***** Record excerpts

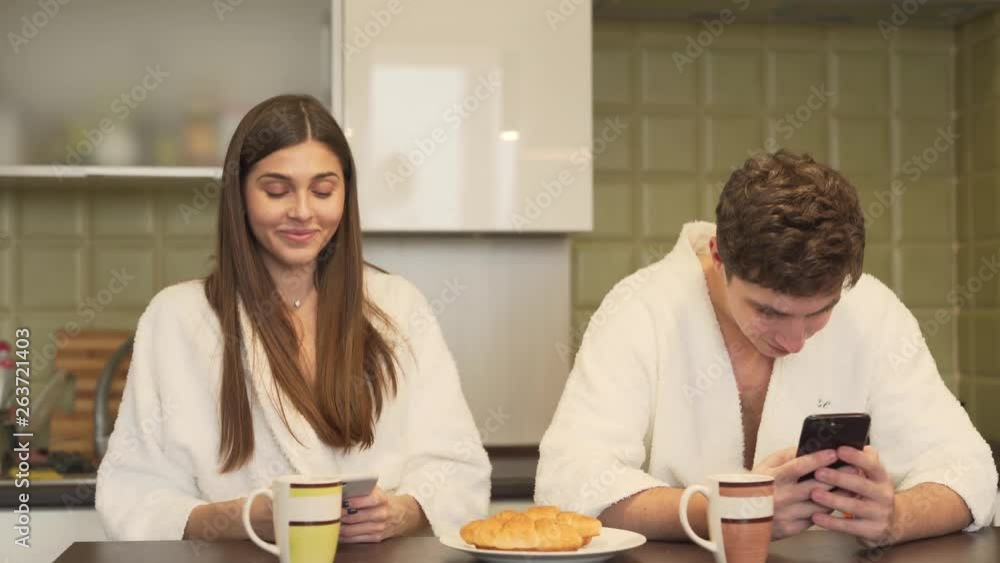 Funny couple in a white bathrobes are sitting in a kitchen and clicking in a phones. Woman is smiling and keeking in on man's phone and he is smiling and hiding it. Funny couple in a white bathrobes are sitting in a kitchen and clicking in a phones. Woman is smiling and keeking in on man's phone and he is smiling and hiding it.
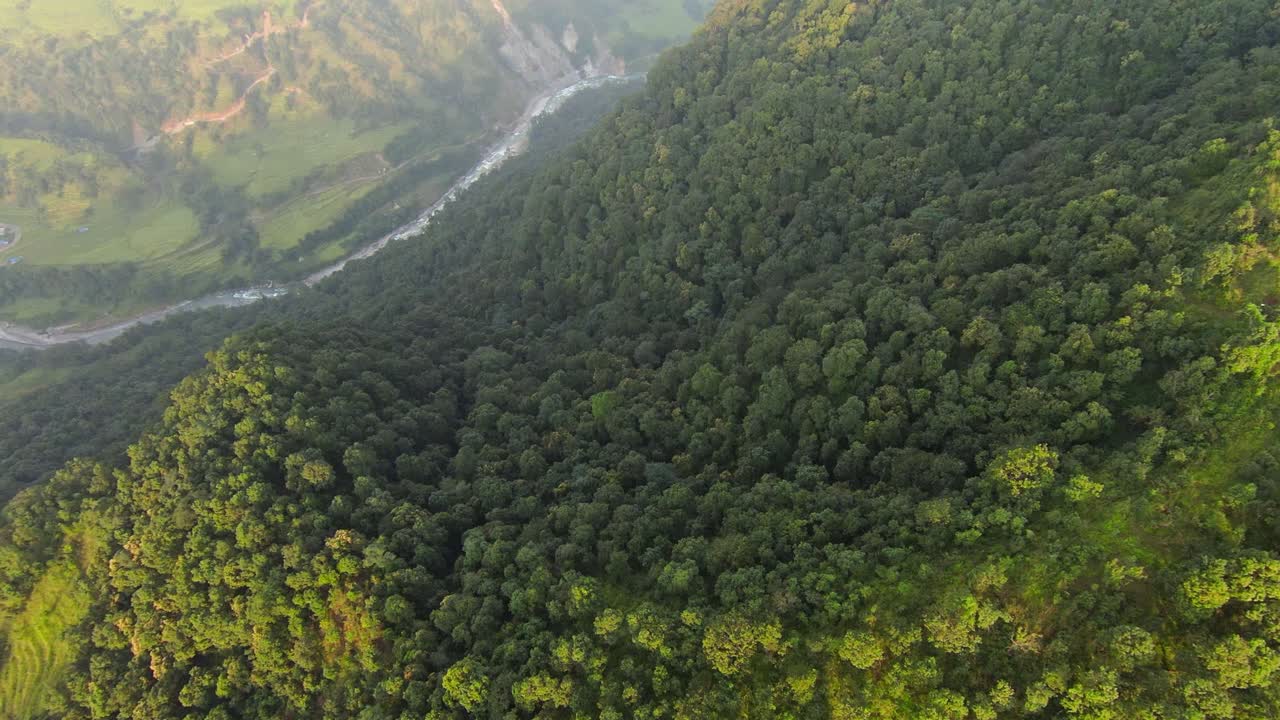 drone cinematográfico filmado sobre montañas verdes exuberantes con un río en el valle de nepal al atardecer - tiro de arriba hacia abajo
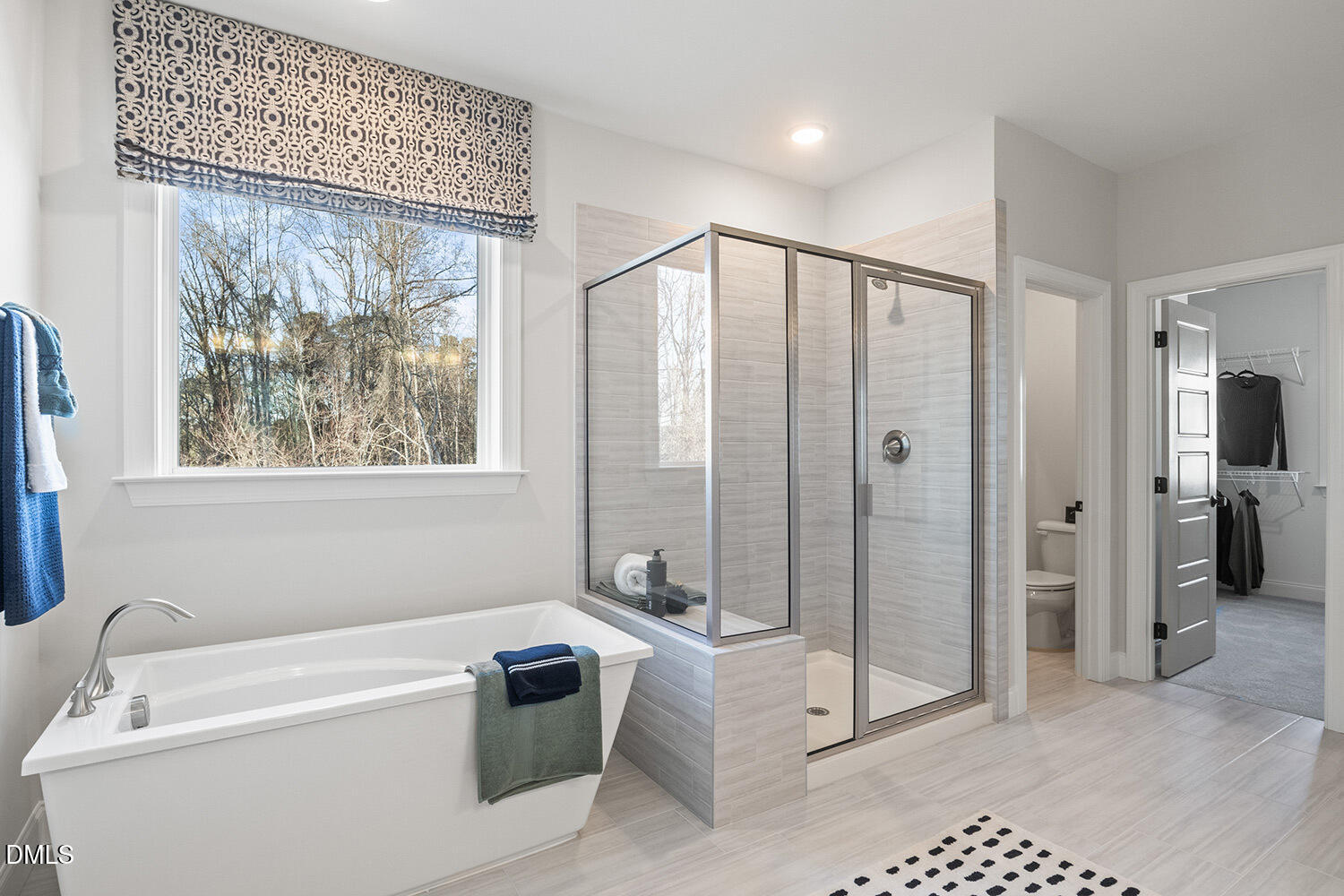 8120 Andrea Lane Raleigh, NC 27613 - Photo 12 of 25 a bathroom with a tub a sink and glass door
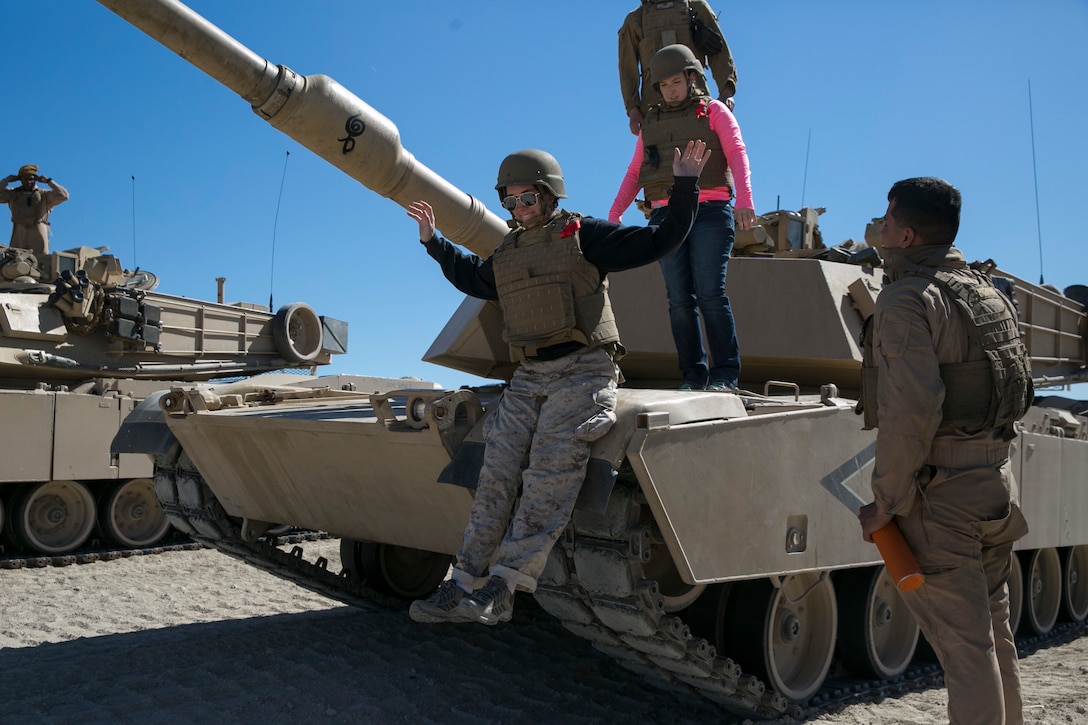 Amanda Boos, wife of Capt. Jonathon Boos, 1st Tank Battalion, sits on an M1A1 Abrams Main Battle Tank during the battalion’s Jane Wayne Day at Range 500 aboard Marine Corps Air Ground Combat Center, Twentynine Palms, Calif., March 2, 2017. The event is held to bolster unit cohesion while allowing the spouses to see what their Marines and sailors do on a daily basis. (U.S. Marine Corps photo by Cpl. Julio McGraw)
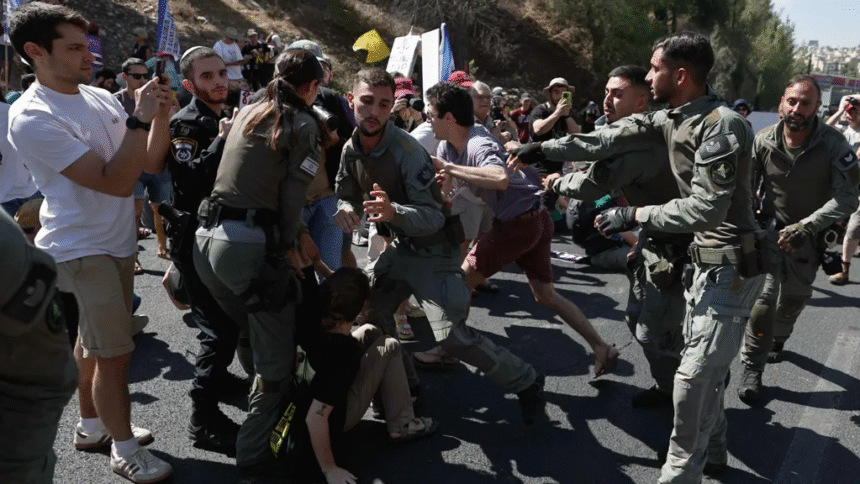 Palestinians flee IDF attacks on Gaza City as Israelis protest against occupation plan
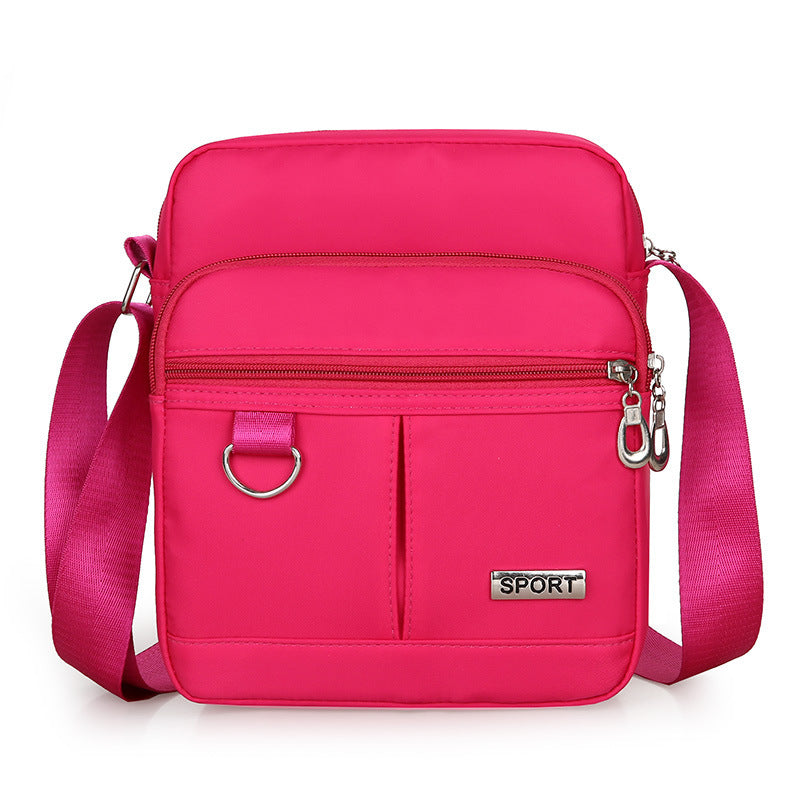 Pink crossbody bag with 'SPORT' label on a white background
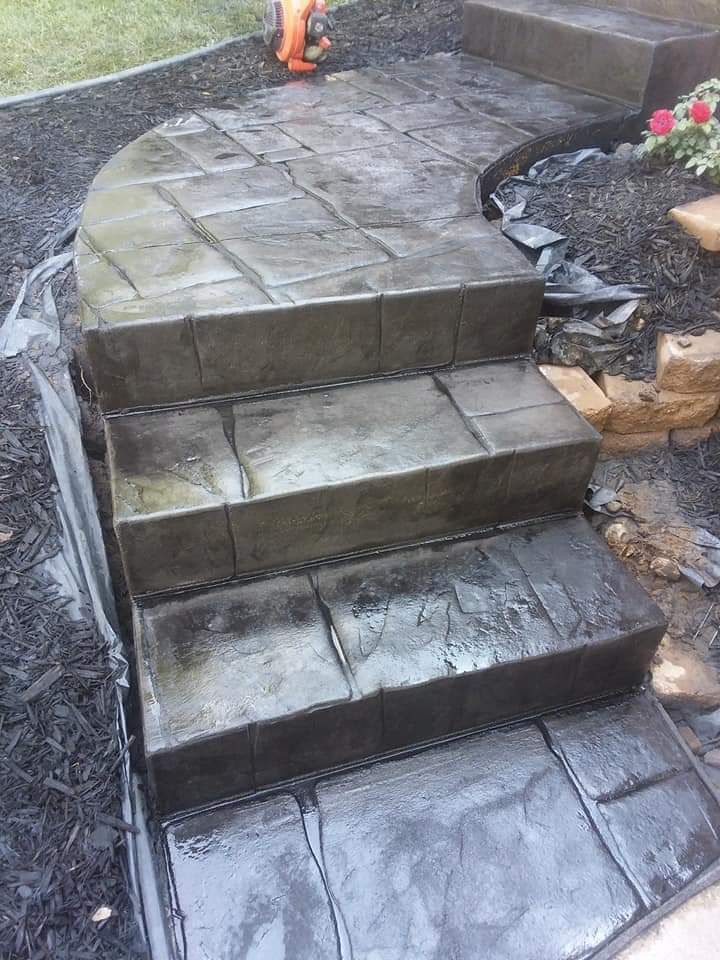 Concrete steps and walkway with a stone pattern, bordered by black mulch and lawn.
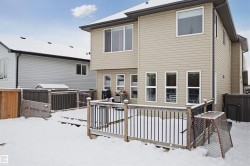 Snow covered back of property featuring a deck - 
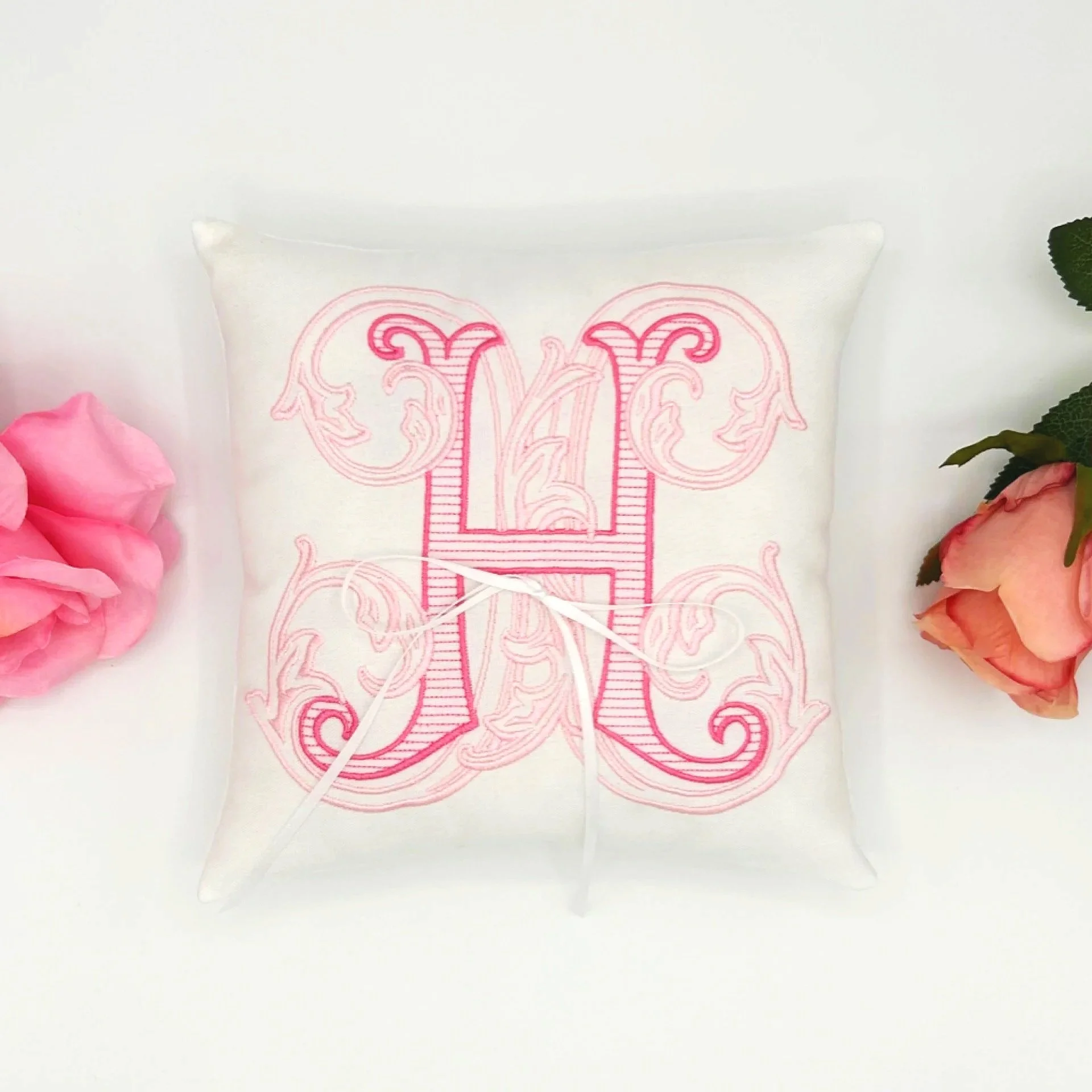 Close-up of an embroidered design on a white fabric pillow, featuring pink thread forming intricate patterns with a symmetrical motif.
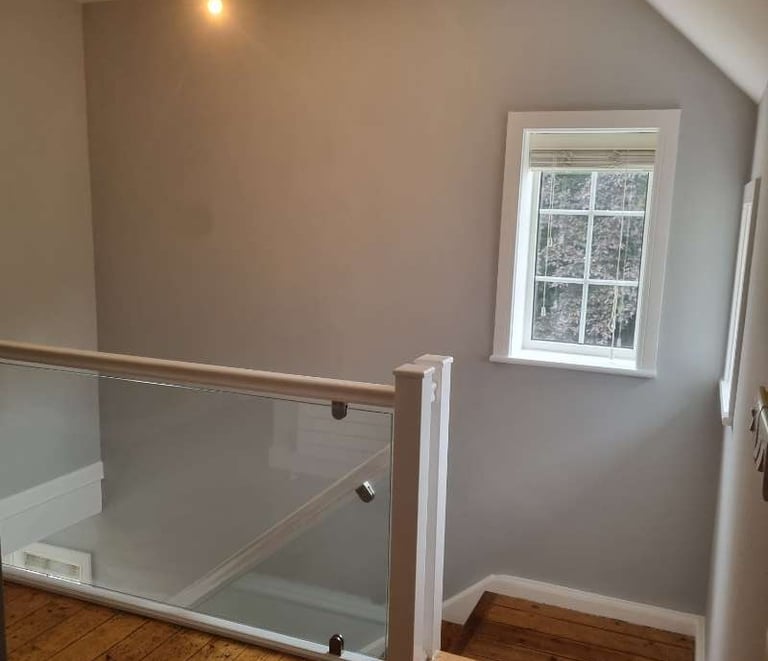 Top of a staircase, with glass banisters, wooden flooring, grey walls, and white detailing.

**********

_Instructions to follow_
Word for word, give back each entry from above, but skip any picture.

_Reply_
 Funny couple in a white bathrobes are sitting in a kitchen and clicking in a phones. Woman is smiling and keeking in on man's phone and he is smiling and hiding it. Funny couple in a white bathrobes are sitting in a kitchen and clicking in a phones. Woman is smiling and keeking in on man's phone and he is smiling and hiding it.
 drone cinematográfico filmado sobre montañas verdes exuberantes con un río en el valle de nepal al atardecer - tiro de arriba hacia abajo
 8120 Andrea Lane Raleigh, NC 27613 - Photo 12 of 25 a bathroom with a tub a sink and glass door
 Amanda Boos, wife of Capt. Jonathon Boos, 1st Tank Battalion, sits on an M1A1 Abrams Main Battle Tank during the battalion’s Jane Wayne Day at Range 500 aboard Marine Corps Air Ground Combat Center, Twentynine Palms, Calif., March 2, 2017. The event is held to bolster unit cohesion while allowing the spouses to see what their Marines and sailors do on a daily basis. (U.S. Marine Corps photo by Cpl. Julio McGraw)
 Palestinians flee IDF attacks on Gaza City as Israelis protest against occupation plan
 Pink crossbody bag with 'SPORT' label on a white background
 Concrete steps and walkway with a stone pattern, bordered by black mulch and lawn.
 Snow covered back of property featuring a deck - 
 Close-up of an embroidered design on a white fabric pillow, featuring pink thread forming intricate patterns with a symmetrical motif.
 Top of a staircase, with glass banisters, wooden flooring, grey walls, and white detailing.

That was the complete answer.